Cuando Carlos Eduardo Robledo Puch, 20 años, mató a su última víctima, su amigo Héctor Somoza, es probable que en ese mismo acto alevoso y cruel descubriera su destino. Iba a vivir la mayor parte de su vida en la cárcel.

Hoy, 4 de febrero, se cumplen 50 años de la detención del llamado Ángel Negro que mató por la espalda o mientras dormían a once víctimas en menos de once meses, entre 1971 y 1972. Hoy está detenido en la cárcel de Olmos, en un régimen semiabierto, y el abogado oficial que lo defiende, Diego Dousdebes, confía en que el famoso asesino que mientras estuvo detenido vio dos dictaduras (comandadas por ocho militares) y quince presidentes, recuperará la libertad porque la pena está agotada y además el 19 de enero cumplió 70 años.

Es el preso que más años estuvo detenido en la Argentina.

El penalista pidió la libertad de Robledo Puch ante la Cámara Penal de San Isidro. “Que siga preso más que una locura es la demostración cabal de dos cosas: la cárcel no reinserta ni resocializa a nadie y que el sistema judicial penitenciario es una ficción que no cumple ninguna de las funciones para las cuales fueran concebidos. El Estado de Derecho es una entelequia”, dijo a Infobae Dousdebes.

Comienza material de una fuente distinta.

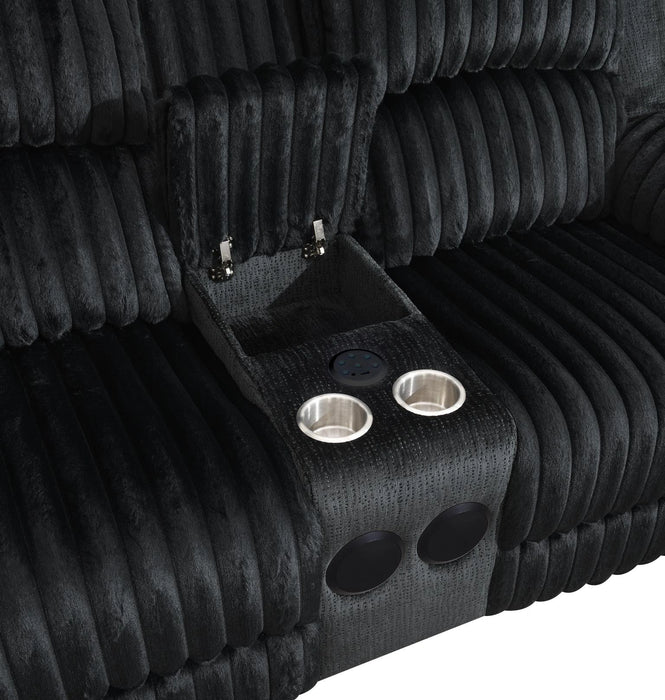 Black Corduroy Power Led Reclining Loveseat W/Bluetooth Speaker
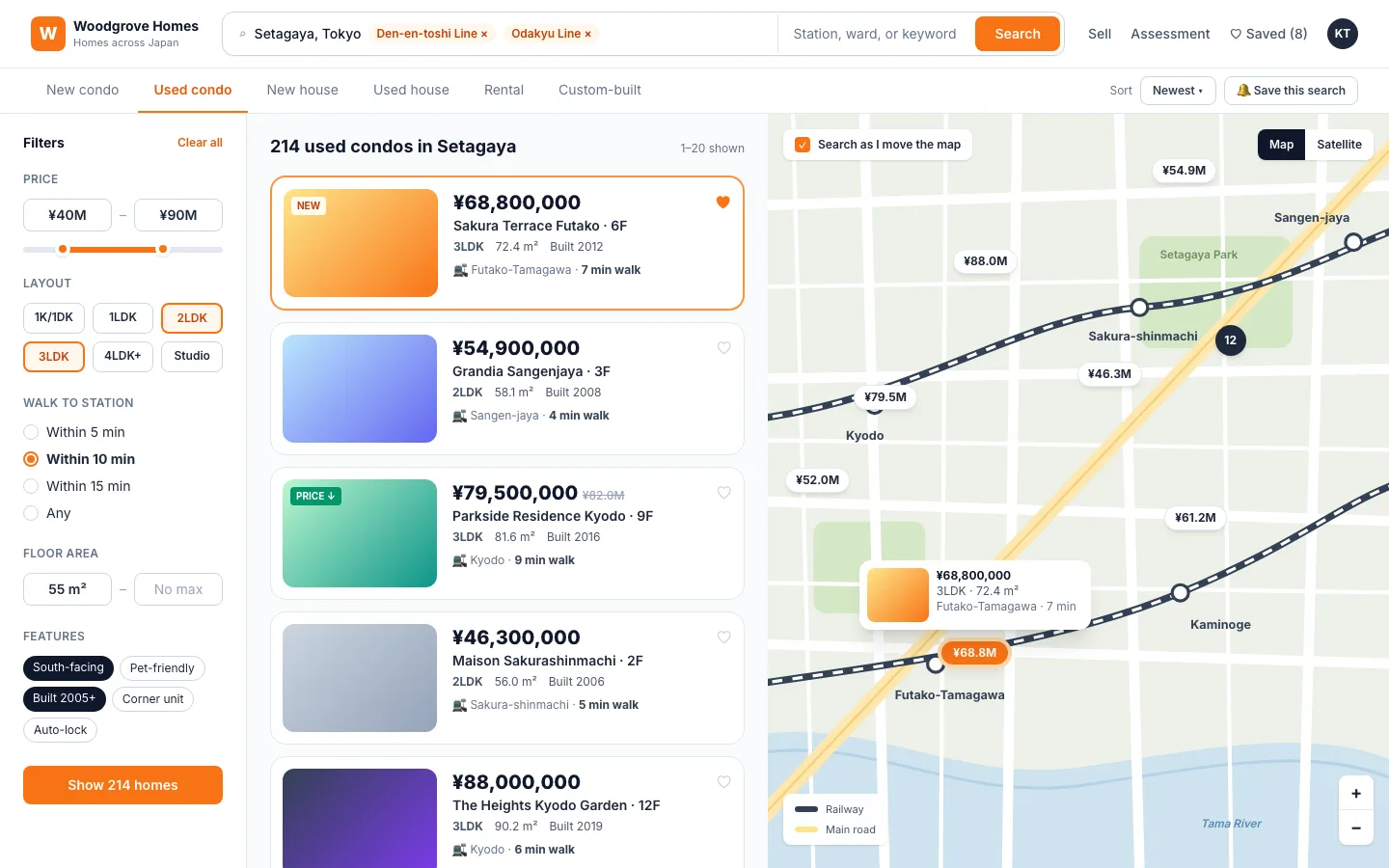 Property search with map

Contó que Robledo Puch está flaco, desmejorado y que no hicieron nada por resinsertarlo en la sociedad. “Está débil, no podría causar daño a nadie. Me dijo algo que me conmovió: ‘Quiero morir en libertad’. Nosotros vamos por dos pedidos. La libertad definitiva y el arresto domiciliario, como alternativas, especialmente porque al estar tanto tiempo encerrado su choque con la realidad y sumado su estado psíquico imponen una medida progresiva en la que se vaya monitoreando como se adapta al medio en libertad. Lo que sí estoy convencido, no puede estar más preso”, contó el abogado.

Los 11 crímenes que cometió
Los 11 crímenes que cometió Robledo Puch fueron llevados a cabo en 11 meses entre 1971 y 1972. Cayó porque encontraron media cédula de un cómplice, que también mató

La caída

El 3 de febrero de 1972 fueron los dos últimos asesinatos de Robledo Puch: acribilló al sereno Manuel Acevedo y a su amigo Héctor Somoza, en la ferretería Masseiro Hermanos de Carupá.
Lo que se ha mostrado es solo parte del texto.